The Washington State DOT is currently replacing the old Evergreen Point Floating Bridge, which spans Lake Washington. The west side of the replacement bridge begins in Seattle, in a wetland area, so the DOT duly obtained an environmental permit to build there. But the DOT also needed a temporary easement from the city, because it would be building the western approach to the new bridge over public property.
The city issued the easement, but made it conditional upon DOT’s getting a “grading permit”—a permit that allows a builder to change the “grade,” or degree of slope, of existing land. But Seattle’s municipal code contains an exception to this grading-permit requirement: the code says that “development undertaken by the” state DOT on a “state highway right-of-way” doesn’t require a grading permit. It is state route 520 that the Evergreen Point Floating Bridge extends across a lake, so you’d think that this permit exception would apply here.

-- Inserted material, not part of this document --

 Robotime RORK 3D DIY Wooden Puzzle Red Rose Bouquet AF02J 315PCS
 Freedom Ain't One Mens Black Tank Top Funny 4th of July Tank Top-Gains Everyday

According to Seattle, though, the permit exception doesn’t apply because the replacement bridge isn’t open to public travel yet. This position makes no sense. Before a portion of highway can be replaced or repaired, it normally has to be closed to public travel, at least temporarily. That closed portion, if Seattle’s logic is followed to its conclusion, would not qualify as a state highway right-of-way—in which case it’s difficult to see what practical application Seattle’s own permit exception for the state DOT would have. That exception would never be applicable anytime the DOT replaces or repairs (or, for that matter, builds) a highway.
Not surprisingly, then, the Court of Appeals rejects Seattle’s position and holds that the DOT had no obligation to get a grading permit.